El poder curativo del aceite de ricino

¿Sabías que el aceite de ricino ha sido usado desde la antigüedad como coadyuvante en el tratamiento del cáncer de mama?

Conocido también como el aceite de castor, este producto de origen vegetal suma cientos de estudios científicos en donde se le atribuyen propiedades calmantes, hidratantes, desinflamatorias y antimicrobianas.

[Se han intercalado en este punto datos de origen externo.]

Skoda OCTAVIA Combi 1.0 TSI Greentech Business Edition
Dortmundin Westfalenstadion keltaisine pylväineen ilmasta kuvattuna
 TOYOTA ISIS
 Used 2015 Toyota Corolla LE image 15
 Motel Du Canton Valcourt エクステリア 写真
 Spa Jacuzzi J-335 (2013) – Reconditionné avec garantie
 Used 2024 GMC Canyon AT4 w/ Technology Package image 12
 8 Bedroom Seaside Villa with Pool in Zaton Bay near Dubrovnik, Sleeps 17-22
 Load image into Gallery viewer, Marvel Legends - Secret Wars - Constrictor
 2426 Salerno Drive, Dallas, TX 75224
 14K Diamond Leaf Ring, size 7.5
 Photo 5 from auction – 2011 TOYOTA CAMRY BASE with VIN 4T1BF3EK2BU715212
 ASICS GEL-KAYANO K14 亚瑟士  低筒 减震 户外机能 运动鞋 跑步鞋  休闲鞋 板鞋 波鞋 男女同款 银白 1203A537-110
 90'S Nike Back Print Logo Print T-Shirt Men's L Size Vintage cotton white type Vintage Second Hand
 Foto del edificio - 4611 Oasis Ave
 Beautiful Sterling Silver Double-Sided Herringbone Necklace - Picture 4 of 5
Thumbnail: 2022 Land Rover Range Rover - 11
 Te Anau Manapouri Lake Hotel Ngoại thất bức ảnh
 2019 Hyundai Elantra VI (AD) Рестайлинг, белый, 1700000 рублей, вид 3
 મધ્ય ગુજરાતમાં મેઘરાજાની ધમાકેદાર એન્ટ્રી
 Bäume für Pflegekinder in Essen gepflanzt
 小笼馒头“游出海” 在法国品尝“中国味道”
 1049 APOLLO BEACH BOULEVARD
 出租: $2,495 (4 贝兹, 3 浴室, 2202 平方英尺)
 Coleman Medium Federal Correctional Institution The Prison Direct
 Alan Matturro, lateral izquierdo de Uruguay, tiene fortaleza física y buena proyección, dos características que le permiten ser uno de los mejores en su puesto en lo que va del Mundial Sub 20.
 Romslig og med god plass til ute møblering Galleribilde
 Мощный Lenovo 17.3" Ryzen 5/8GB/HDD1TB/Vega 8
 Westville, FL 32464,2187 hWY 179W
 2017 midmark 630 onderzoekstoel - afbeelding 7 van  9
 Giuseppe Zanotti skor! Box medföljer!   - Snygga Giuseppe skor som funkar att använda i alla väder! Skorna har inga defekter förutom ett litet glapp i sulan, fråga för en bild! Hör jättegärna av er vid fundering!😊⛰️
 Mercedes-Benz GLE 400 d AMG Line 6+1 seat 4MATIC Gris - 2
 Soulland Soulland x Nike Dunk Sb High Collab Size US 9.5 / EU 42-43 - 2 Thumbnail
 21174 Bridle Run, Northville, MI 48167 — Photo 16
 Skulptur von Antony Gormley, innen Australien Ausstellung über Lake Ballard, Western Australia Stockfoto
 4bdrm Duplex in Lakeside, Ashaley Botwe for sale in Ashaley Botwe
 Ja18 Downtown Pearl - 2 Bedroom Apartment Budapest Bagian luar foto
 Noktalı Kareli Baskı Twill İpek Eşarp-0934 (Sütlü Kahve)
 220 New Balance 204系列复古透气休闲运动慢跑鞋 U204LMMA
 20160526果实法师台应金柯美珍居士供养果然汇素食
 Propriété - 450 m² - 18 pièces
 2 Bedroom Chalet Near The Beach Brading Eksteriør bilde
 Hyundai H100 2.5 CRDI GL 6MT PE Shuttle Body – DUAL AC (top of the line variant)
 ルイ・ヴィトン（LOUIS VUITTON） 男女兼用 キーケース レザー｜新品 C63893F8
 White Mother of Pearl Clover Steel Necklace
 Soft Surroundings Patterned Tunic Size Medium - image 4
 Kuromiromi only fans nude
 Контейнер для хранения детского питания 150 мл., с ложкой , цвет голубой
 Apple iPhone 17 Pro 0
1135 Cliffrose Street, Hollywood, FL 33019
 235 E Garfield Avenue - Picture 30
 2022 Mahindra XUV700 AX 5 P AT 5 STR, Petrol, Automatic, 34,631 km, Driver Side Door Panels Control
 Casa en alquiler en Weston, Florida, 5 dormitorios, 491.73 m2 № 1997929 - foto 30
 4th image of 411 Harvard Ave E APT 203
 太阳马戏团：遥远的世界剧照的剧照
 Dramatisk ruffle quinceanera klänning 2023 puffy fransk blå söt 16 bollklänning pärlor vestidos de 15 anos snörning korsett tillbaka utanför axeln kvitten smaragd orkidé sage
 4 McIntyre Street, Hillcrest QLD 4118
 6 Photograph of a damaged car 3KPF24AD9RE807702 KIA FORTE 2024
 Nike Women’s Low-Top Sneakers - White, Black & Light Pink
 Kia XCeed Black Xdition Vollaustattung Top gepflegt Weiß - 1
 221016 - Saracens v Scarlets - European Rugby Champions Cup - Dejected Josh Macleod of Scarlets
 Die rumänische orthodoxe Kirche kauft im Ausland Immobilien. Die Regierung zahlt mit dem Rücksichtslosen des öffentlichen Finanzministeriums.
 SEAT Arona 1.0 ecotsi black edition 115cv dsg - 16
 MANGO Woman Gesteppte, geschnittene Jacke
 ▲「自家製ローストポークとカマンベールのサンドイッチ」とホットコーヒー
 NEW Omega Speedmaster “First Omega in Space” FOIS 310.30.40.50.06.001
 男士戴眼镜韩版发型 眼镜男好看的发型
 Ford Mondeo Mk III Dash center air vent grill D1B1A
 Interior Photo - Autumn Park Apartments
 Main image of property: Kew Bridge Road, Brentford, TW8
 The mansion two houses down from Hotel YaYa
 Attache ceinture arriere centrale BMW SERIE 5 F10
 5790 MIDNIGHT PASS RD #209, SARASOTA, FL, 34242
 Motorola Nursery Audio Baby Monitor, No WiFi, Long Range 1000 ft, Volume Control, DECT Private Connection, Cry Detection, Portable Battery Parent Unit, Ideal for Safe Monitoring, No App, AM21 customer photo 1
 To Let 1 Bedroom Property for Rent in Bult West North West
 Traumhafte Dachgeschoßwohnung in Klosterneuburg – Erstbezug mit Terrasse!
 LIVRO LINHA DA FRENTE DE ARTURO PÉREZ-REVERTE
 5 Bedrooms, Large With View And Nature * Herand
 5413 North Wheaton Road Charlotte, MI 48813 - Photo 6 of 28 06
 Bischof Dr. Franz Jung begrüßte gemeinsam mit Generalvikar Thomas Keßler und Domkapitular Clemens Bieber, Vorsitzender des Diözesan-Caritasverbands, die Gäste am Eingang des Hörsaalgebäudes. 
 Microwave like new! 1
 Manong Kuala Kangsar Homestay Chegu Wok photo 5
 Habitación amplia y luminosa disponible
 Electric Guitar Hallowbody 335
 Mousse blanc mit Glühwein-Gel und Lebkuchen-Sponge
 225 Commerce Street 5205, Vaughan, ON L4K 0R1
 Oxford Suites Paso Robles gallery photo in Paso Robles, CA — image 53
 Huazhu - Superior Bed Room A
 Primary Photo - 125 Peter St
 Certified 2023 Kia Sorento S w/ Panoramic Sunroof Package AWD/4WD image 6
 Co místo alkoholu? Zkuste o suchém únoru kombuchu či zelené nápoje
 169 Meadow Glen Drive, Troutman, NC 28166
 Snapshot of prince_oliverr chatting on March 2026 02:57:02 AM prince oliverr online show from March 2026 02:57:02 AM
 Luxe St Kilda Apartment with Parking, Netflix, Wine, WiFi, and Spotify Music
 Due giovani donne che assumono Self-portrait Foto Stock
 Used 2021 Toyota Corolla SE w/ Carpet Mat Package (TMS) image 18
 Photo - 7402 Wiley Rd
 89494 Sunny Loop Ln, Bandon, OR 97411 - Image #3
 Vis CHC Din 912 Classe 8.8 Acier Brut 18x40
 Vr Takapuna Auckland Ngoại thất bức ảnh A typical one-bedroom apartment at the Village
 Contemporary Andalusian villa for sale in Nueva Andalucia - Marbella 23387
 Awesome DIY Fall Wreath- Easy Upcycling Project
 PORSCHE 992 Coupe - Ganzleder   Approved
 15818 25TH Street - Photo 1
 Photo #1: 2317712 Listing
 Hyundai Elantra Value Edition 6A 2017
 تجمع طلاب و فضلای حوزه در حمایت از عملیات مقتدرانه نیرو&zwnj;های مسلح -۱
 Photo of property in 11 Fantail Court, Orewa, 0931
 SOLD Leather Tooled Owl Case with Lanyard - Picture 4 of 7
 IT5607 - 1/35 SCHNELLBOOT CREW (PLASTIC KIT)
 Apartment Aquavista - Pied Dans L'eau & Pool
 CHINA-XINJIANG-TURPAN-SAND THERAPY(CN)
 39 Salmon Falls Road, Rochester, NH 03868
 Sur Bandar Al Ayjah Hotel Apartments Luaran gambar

Su principal principio activo es el ácido ricinoleico, al cual se le confiere la mayoría de las bondades medicinales y diversos usos en el área de la cosmética.

Según los expertos, el aceite de castor contiene vitamina E, minerales y está compuesto de ácidos grasos esenciales como el omega 9, que tienen un efecto beneficioso para la salud cardiovascular, cerebral y el sistema inmunológico.

En cuanto al uso, los médicos integrativos refieren que se trata de un regalo de la naturaleza que debe ser usado con precaución.

Lo más recomendable es respetar la dosis y asegurarse de que el aceite sea orgánico, prensado en frío y adquirido en tiendas donde se garantice tanto su calidad como el origen.

Para uso tópico, el ricino es empleado en forma de compresas, cataplasmas y parches para aliviar dolores musculares, artritis e inflamación causada por quistes o fibromas.

En cuanto a la ingesta, la dosis segura para la mayoría de las personas no excede de la media cucharadita al día; funcionando como laxante, depurativo y aumentando el tránsito intestinal.